ウシオ電機(ウシオ)は,検査装置メーカーより受注している複数のEUVリソグラフィマスク検査装置用EUV光源(EUV光源)のうち,量産プロセス向けEUV光源が初めて検収されたと発表した(ニュースリリース)。
EUVリソグラフィは,高度な微細化が進む次世代半導体製造工程には欠かせない技術で,大手デバイスメーカーを中心に実用化に向けた検証が進んでいる。EUVリソグラフィを量産技術として確立するためには,高精細なマスクの欠陥を検査・検出するためのEUV光源の実用化が必須とされている。
同社は,オランダ応用科学研究機構(TNO)のEUV照射・分析用ファシリティ「EBL2」において,2017年3月から同社の高輝度SnLDP(レーザーアシストプラズマ放電方式)EUV光源搭載機による各種研究・評価サービスを提供するなど,高輝度EUV光源の研究・開発に取り組み,性能と信頼性を向上させてきた。
SnLDP EUV光源は,レーザーをトリガーとして電極上の錫を蒸発させ,その蒸発した錫を放電により発生させたプラズマで励起することでEUV光を取り出す方式。
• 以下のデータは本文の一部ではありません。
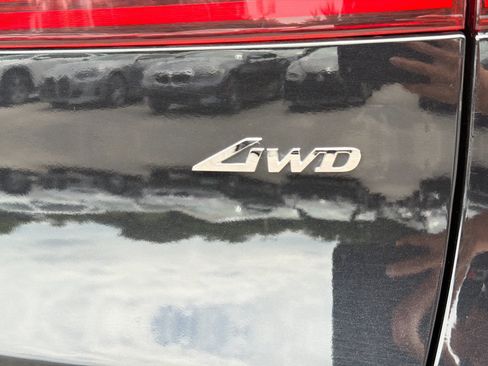 Used 2022 Genesis GV70 2.5T AWD/4WD image 10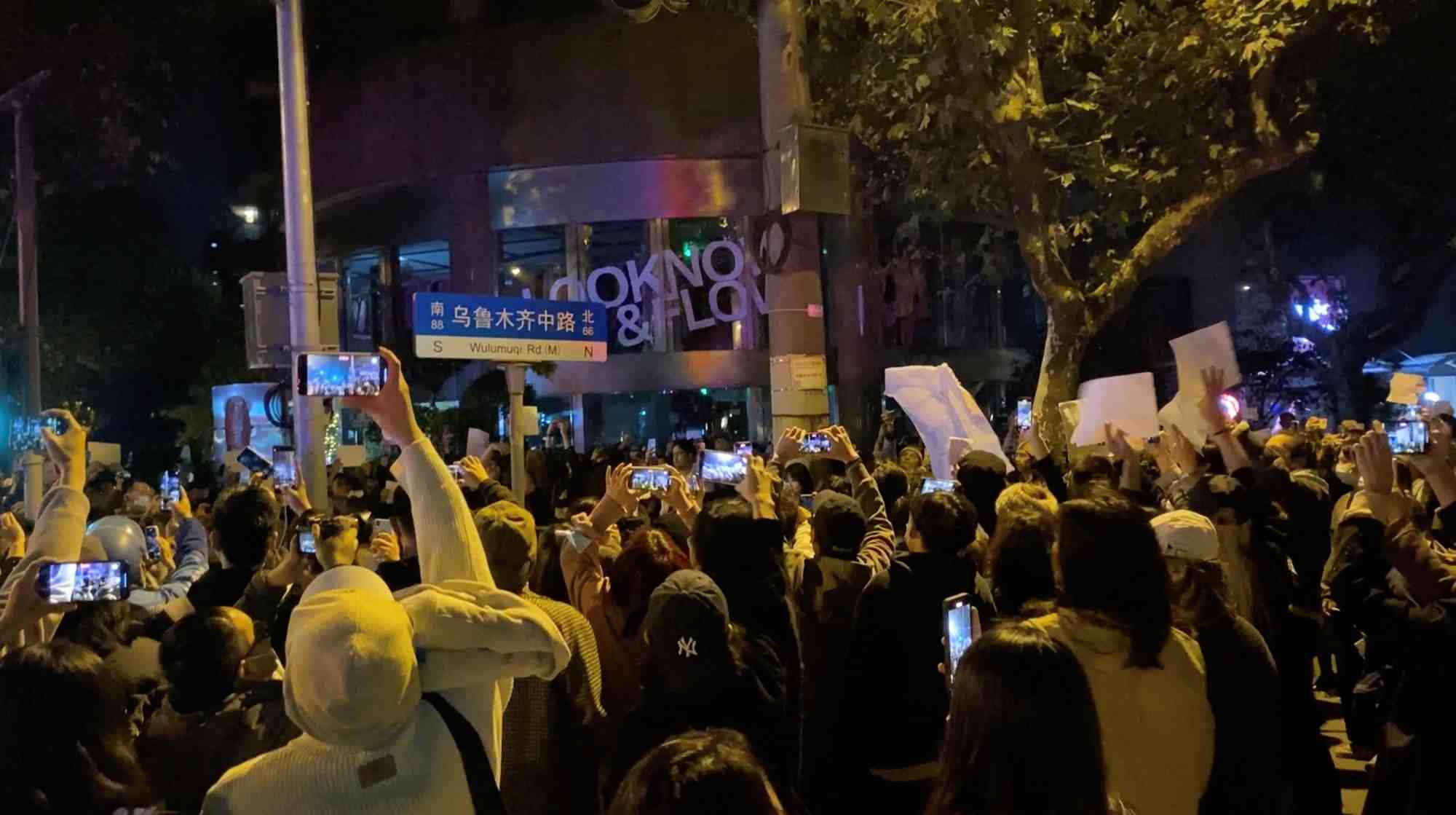 Manifestation contre la limitation de la maladie a coronavirus (covid-19) a shanghai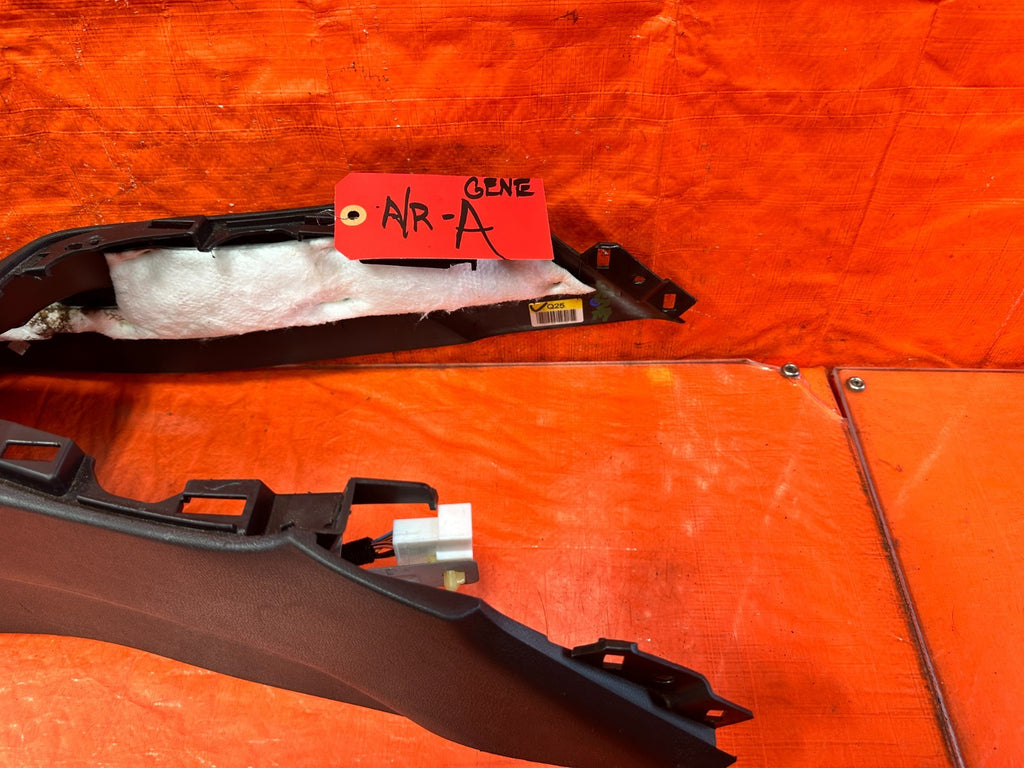 13 16 HYUNDAI GENESIS COUPE   ARM REST / CENTER CONSOLE STORAGE   OEM GENE1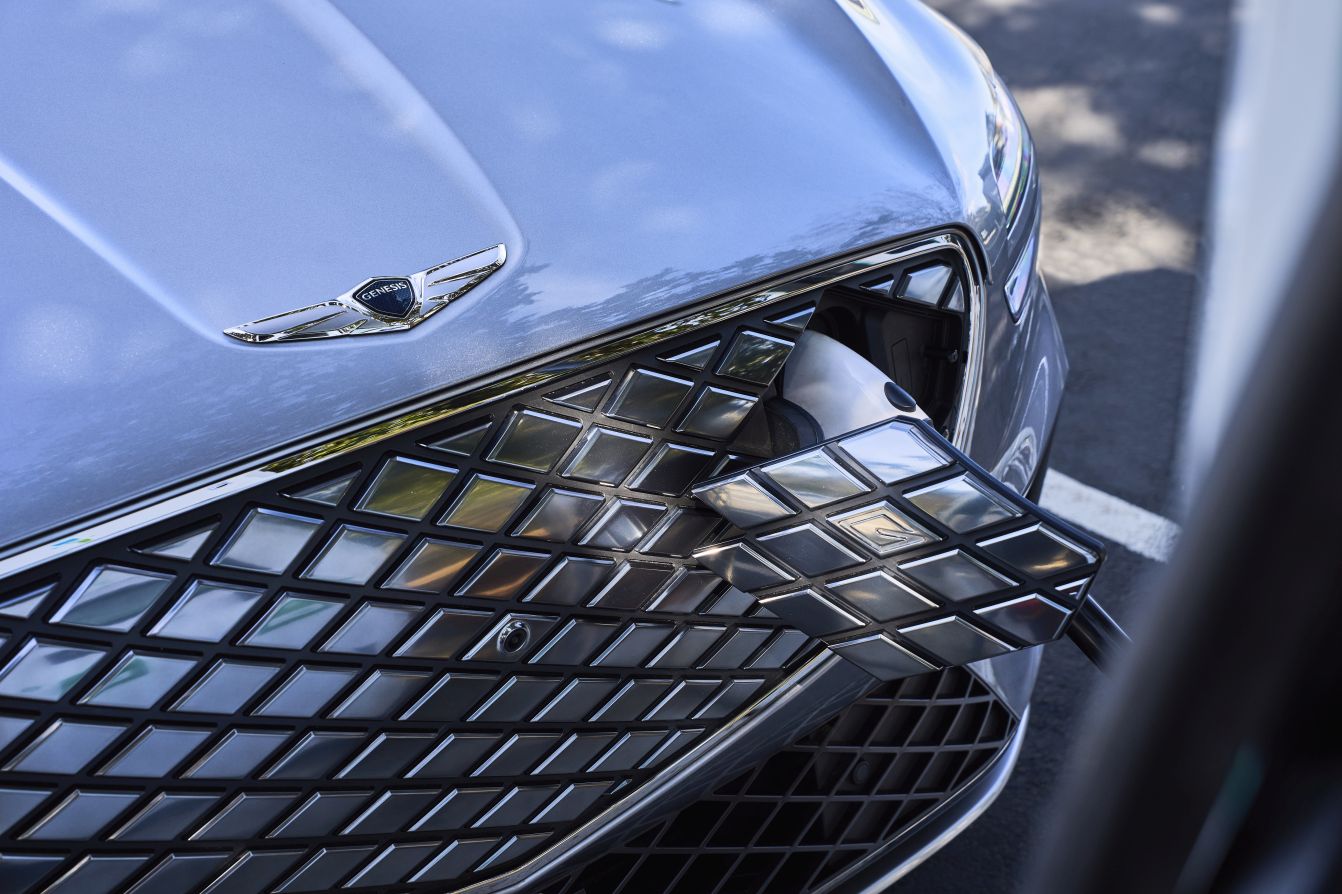 Genesis Gv70 photo 26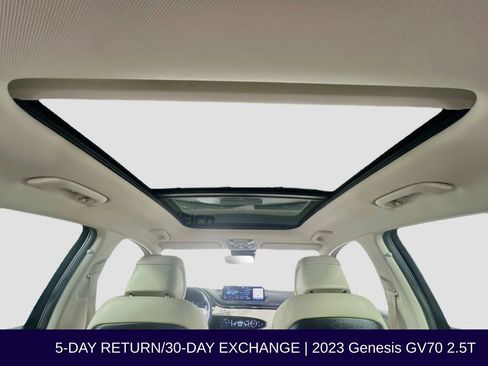 Used 2023 Genesis GV70 2.5T w/ Select Package AWD/4WD image 38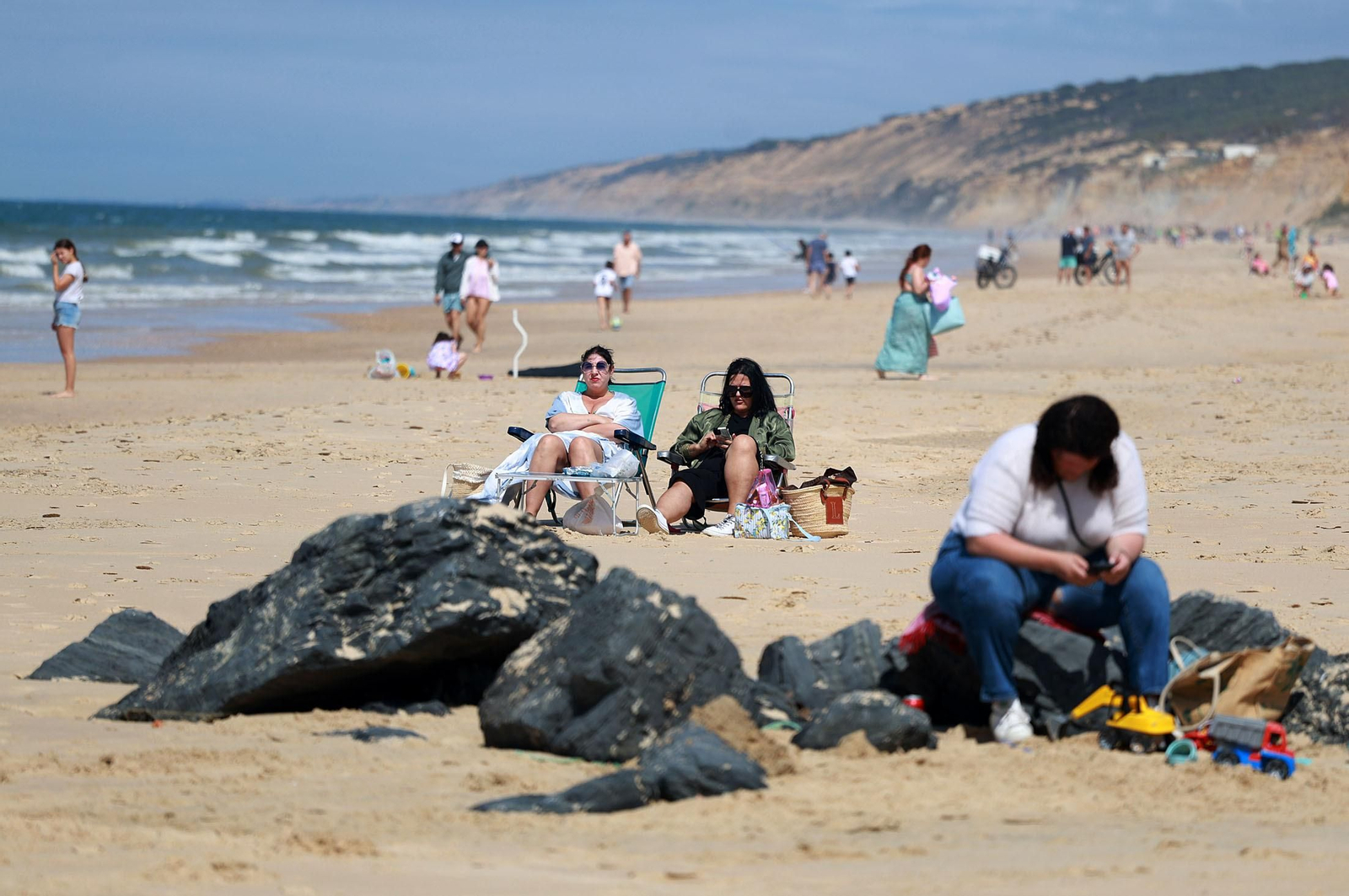 Imágenes del ambiente en las playas de Matalascañas y Mazagón durante la mañana del domingo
プラズマを発生させる錫をレーザーで励起させることでEUV光を取り出す「LPP/Sn方式」や,放電で発生させたプラズマでクセノンを励起することでEUV光を取り出す「DPP方式」に比べ,高輝度かつ省スペースが特長。
今回の検収は,こうした実績に加え検査装置メーカーに先行納入し,すでに稼働している研究開発機向けEUV光源の性能が高く評価されたもの。同社はこれにより,次世代半導体製造工程の量産プロセスに必要な,高輝度EUV光を使用したEUVリソグラフィ用マスク検査が可能となるとしている。